Transfer olayini bukadar takmiyorum. Burada bazi arkadaslarin hayal gücüne sahip olmak isterim, profesyonel, ingilizce bilen, sportif direktör ve tozpembe bir dünya. Yakisikli, ingilizceye son derece hakim, beyefendi, jön SD´yi gören yildiz topcular, "imzami verdim, birde sana vereyim" diye atlayacak zannediyorlar.

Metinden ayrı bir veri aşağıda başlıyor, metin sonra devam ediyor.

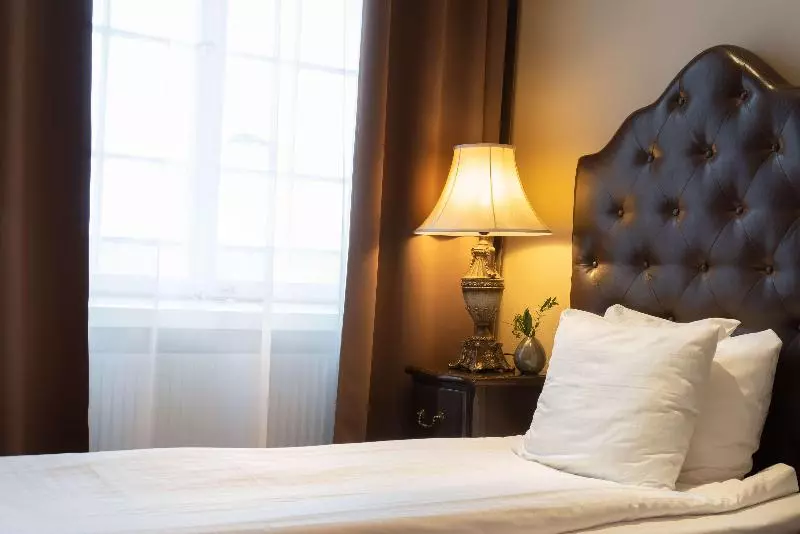 スタンダードシングルルーム, Best Western Hotel Karlaplan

Fenerbahce sexy isimli Comolli diye multiple dil konusan bir herif getirdi. Yaptiklari transferler ortada. Kulübün sartlari el vermiyorsa, yetki kimde olursa olsun, ancak bukadar yapabiliyor. Maddi olarak önünde binbir bariyer varsa, bu seni transfer yapma konusunda kilitler... Gelecek oyuncu, ne seninin tipine bakar, ne senin ingilizceyi aksansiz, yada aksanli konusmana bakar, adamin öncelik ile baktigi olay sartlarini yerine getirebilme meselesidir. Onun disinda sartlar uyusmasi lazim. Aynisi kulüp icinde gecerli. Ayni durum kulüp icin gecerli, kulüp yöneticileri kiz vermiyorlar, sartlara en uygun teklifi yapan kulübe verecekler oyuncuyu.

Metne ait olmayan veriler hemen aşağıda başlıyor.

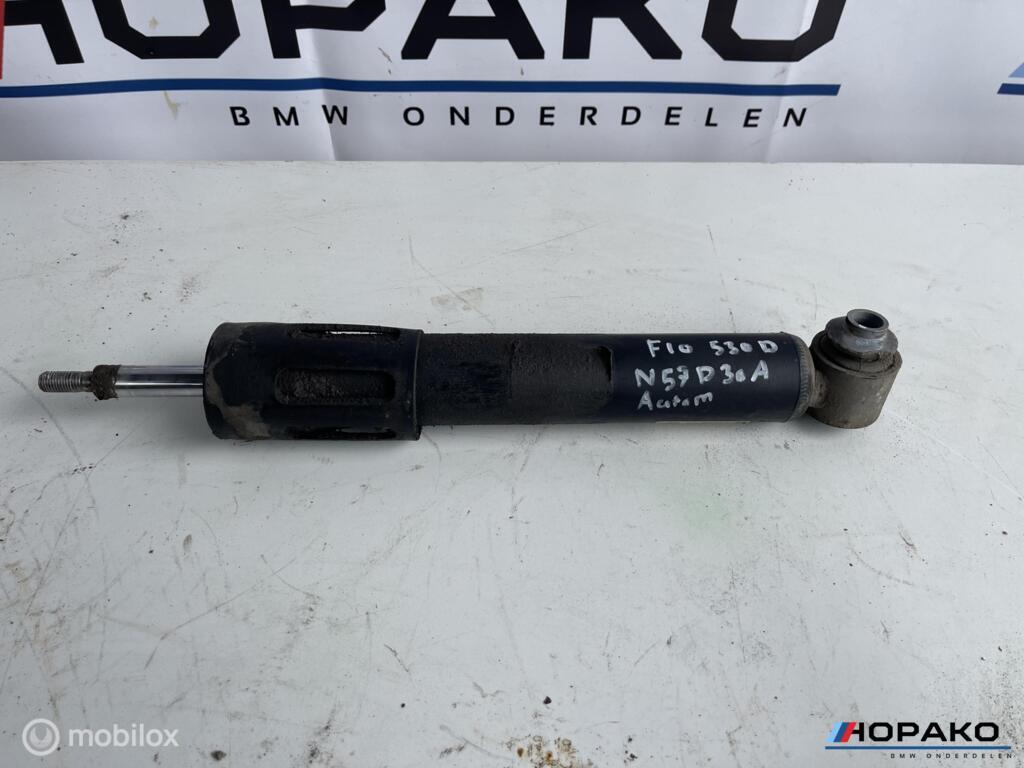 Schokdemper achter BMW F11 M sport 678411401, Gebruikt, Einsteinlaan 5, rijswijk, Bmw, Ophalen of Verzenden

Bizim bu durumda sittin sene rahat bir transfer dönemi gecirme sansimiz yoktur. Zaten ekonomik durumumuz da kötü, birde üstüne al sat dengesi ile ugrasiyorsun. Yillik ücretlerine sinir koymuslar, yapacagin zarara sinir koymuslar. Yaptigin her transferi, daha büyük bir risk haline getiriyor. Bu kimsenin, rahat calisabilecegi bir ortam degil. Objektiv bir sekilde bakarsak, Türk kulüpleri icin su an transfer yapma konusunda berbat sartlar hakim.

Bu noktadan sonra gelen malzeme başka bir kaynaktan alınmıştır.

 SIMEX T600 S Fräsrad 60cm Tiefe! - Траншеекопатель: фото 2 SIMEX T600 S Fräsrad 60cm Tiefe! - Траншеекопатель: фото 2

Yanlis yerden bakiliyor olaya. Esas aksayan olaylar farkli. Mustafa Cengiz bu basarilarin üzerine konuyor, ama Mustafa Cengiz yöneticilik görevlerini yerine getiremiyor. Yine kazandigimiz basarilar üzerine yöneticilik performansi resmen rezalet. Formanin cok gec cikmasi gibi, hala daha sponsor yok. Bu nasil bir rezalet ve isbilmemezliktir ? Sampiyon olmus, Sampiyonlar Liginde oynayacak takima forma sponsora bulamamis bir sahis, kupalar ile böyle poz verme cürreti buluyor kendinde. Hic bir organizasyon bile yok, taraftarlara bu basarilari en basit sekilde dahi pazarlayamiyorlar.